The couple were frequent visitors to the Mollett trailer.
“We always dealt back and forth. We pretty much dealt in drugs,” he testified.
Currently Balmer is serving a 17-year prison sentence for attempted murder of another member of the Mollett family. He received that sentence for his testimony in this trial. Garvin also faces charges of attempted murder for another member of the Mollett family.
Often the couple would go to Mollett to buy drugs for their own use during frequent trips to Florida.
The evening of the murder Balmer drove the couple to the Mollett trailer where he stayed in the car, while Kara met Ed Mollett outside his home.
“We were going to go to Ed’s for drugs for the road,” Balmer told the jury.

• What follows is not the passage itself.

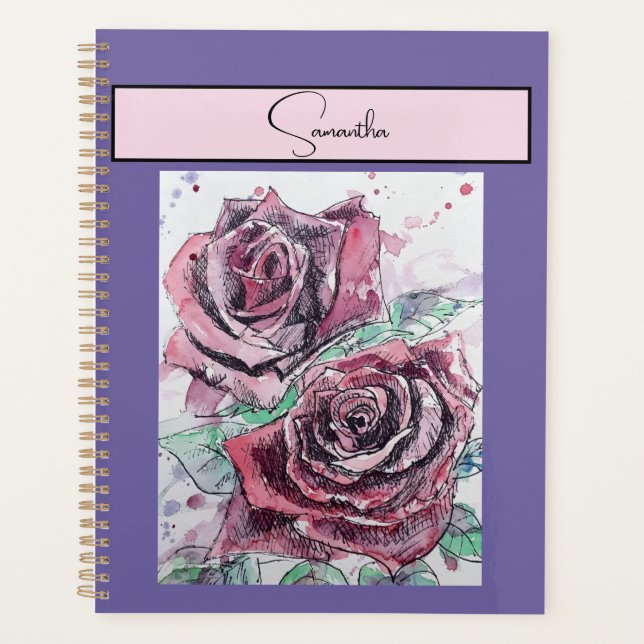 Rose rouge Roses Fleur Aquarelle Florale Art viole (Devant)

“Ed talked to Kara and went into the trailer. In five, ten minutes she came back out and threw something on the seat of the car.”

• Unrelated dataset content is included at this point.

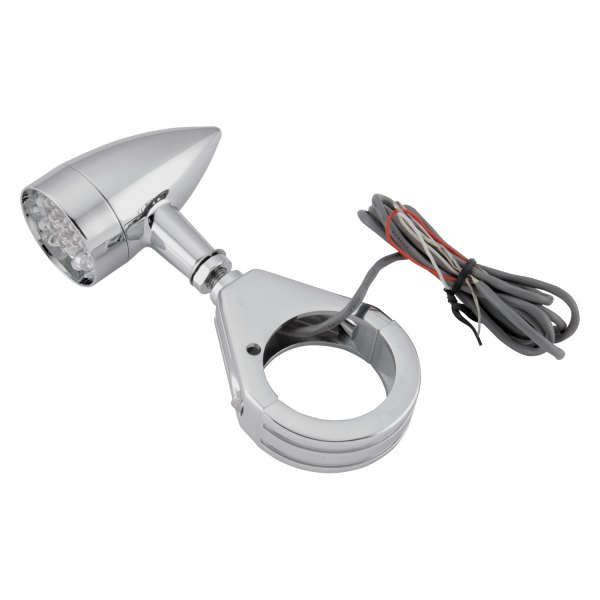 Biker's Choice® - Mini Chrome Aluminum LED Turn Signals with Clamp Kit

Balmer said that later he discovered that the item was a wallet.
Garvin went back in for a few minutes more, then came out of the home and got into the car.

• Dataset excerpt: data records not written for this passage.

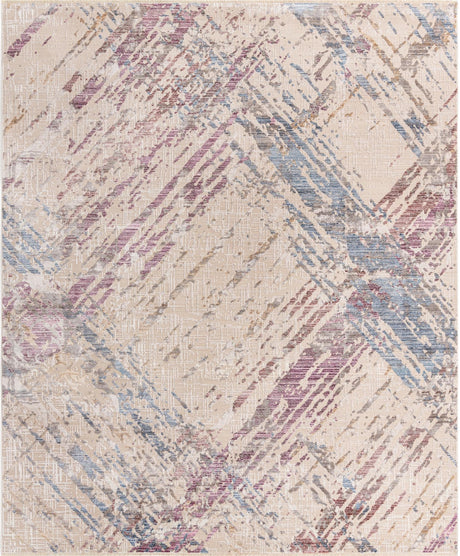 Ivory and Gray 7' 10 x 9' 8 Deepa Rectangle Area Rug 100% Polyester Colorful Modern Contemporary Carpet for Home Decorating Living, Dining, Office & Bedrooms for Sale at Rug Engine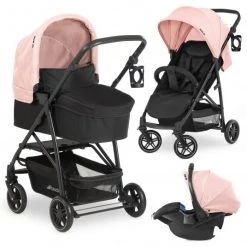Hauck 3in1 Kinderwagen-Set Rapid 4R Plus Trioset (bis 25 kg) inkl. Babyschale Comfort Fix - Rose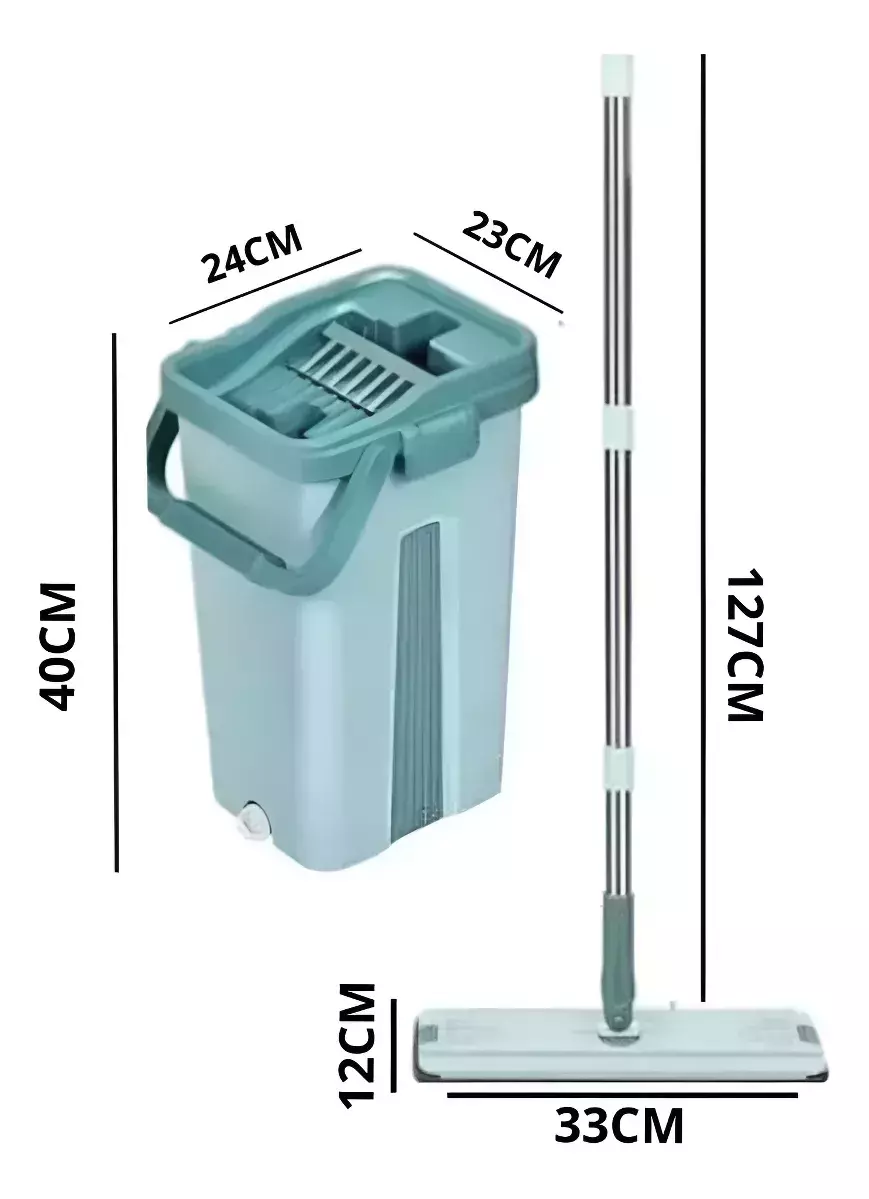 Clean Magic™ | Trapeador Mopa Plano + Balde Escurridor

“Kara said, ‘let’s go,’ ” Balmer said.
They went to a motel in Greenup, Ky., where they did drugs, he said.
Balmer’s account differs in some respects with the one given by the only eye witness to the crime, the then 6-year-old grandson of the Molletts.
On Tuesday the child identified Garvin by name as the sole shooter and said the woman broke in the door to the trailer as she entered.
On cross examination by defense lawyer, Charles Knight, Balmer was asked if he saw Garvin kick the door in, he first said he did not. The second time asked, he said he did not see the door.
At the time of the visit to the Molletts, Garvin had what Balmer called “dirty blonde hair.” She later dyed her hair black while at the Greenup motel.
While at the motel Garvin received a phone call from a family member saying that the Scioto County sheriff’s office wanted to talk with her about the murders. She went to the sheriff with a cousin, Rick Nash, who is also an attorney. She was later arrested.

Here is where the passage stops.